The right side of the jig is butted to the fence to make a reference stop. Then various thicknesses of shim can be inserted between the jig and fence for constant off sets moving the jig toward the blade, to minimize measuring and increase accuracy.


----------



## <*(((>< (Feb 24, 2010)

Thanks! Gives me a good idea on some additions to include when I get around to making one.


----------



## Streamwinner (Nov 25, 2008)

Thanks for posting this. I just made a tennon jig last week that rides the fence. After the glue dried, it's too tight and doesn't slide well.

I like the mod you made. Seems like it would take a lot of set up to get the tennon in the middle of the workpiece (using the shim, that is). Have you figured out a short cut, or would reversing the piece being cut be more accurate?


----------



## woodnthings (Jan 24, 2009)

*I just reverse it*



Streamwinner said:


> Thanks for posting this. I just made a tennon jig last week that rides the fence. After the glue dried, it's too tight and doesn't slide well.
> 
> I like the mod you made. Seems like it would take a lot of set up to get the tennon in the middle of the workpiece (using the shim, that is). Have you figured out a short cut, or would reversing the piece being cut be more accurate?


The toggle clamps make reversing it a snap, literally! :thumbsup:
The shim can be used or not. There may be an occasion when it's better than measuring for the tenon width rather than reversing. It will always give a constant offset which should be your tenon width.
I also realized that I really don't need the original adjustable jig, if I use the fence as a guide....maybe a little more modification....:laughing: bill


----------



## woodnthings (Jan 24, 2009)

*More modified than ever*

Since not every fence is "rideable"? I just eliminated the old Craftsman jig riding in the miter slot, and made a nice squared up block and and outrigger leg, to keep the unit from falling over. Those with Biesemeyer fences can also use this. The workpiece gets the same amount removed from each side when you flip it so the tenon is automatically centered. I like it!
:thumbsup: bill


----------



## mdntrdr (Dec 22, 2009)

woodnthings said:


> ....maybe a little more modification....:laughing: bill


 
Bill, You need to STOP..........And build something!

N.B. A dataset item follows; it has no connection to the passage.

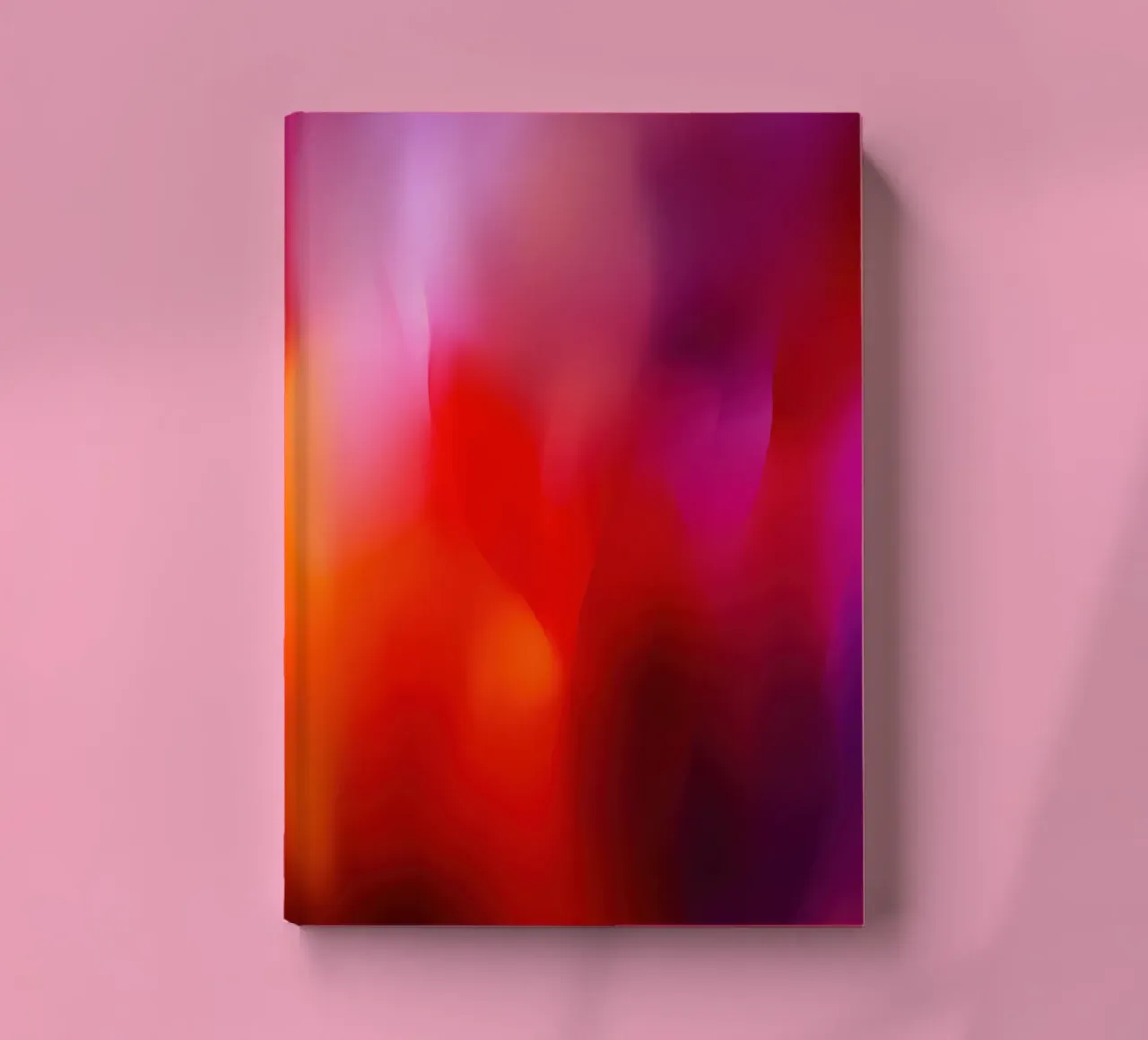 Tulip intoxication | Colour symphony in orange-red-magenta notebook by Autofocus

Just kiddin, that jig looks sweet! :thumbsup:



Streamwinner....Put some paste wax on it. :yes:


----------



## woodnthings (Jan 24, 2009)

*Yeah, what he said..*

Quote" 
Bill, You need to STOP..........And build something!
Just kiddin, that jig looks sweet! :thumbsup: "

Scott.  I can't stop. I'm a tool addict.....That includes jigs I make in case I ever need to build something.....but I'm really going to be ready when ever that time comes. :laughing: bill
Maybe I'm just a "virtual" woodworker?


----------



## Streamwinner (Nov 25, 2008)

:thumbsup::thumbsup::thumbsup:


----------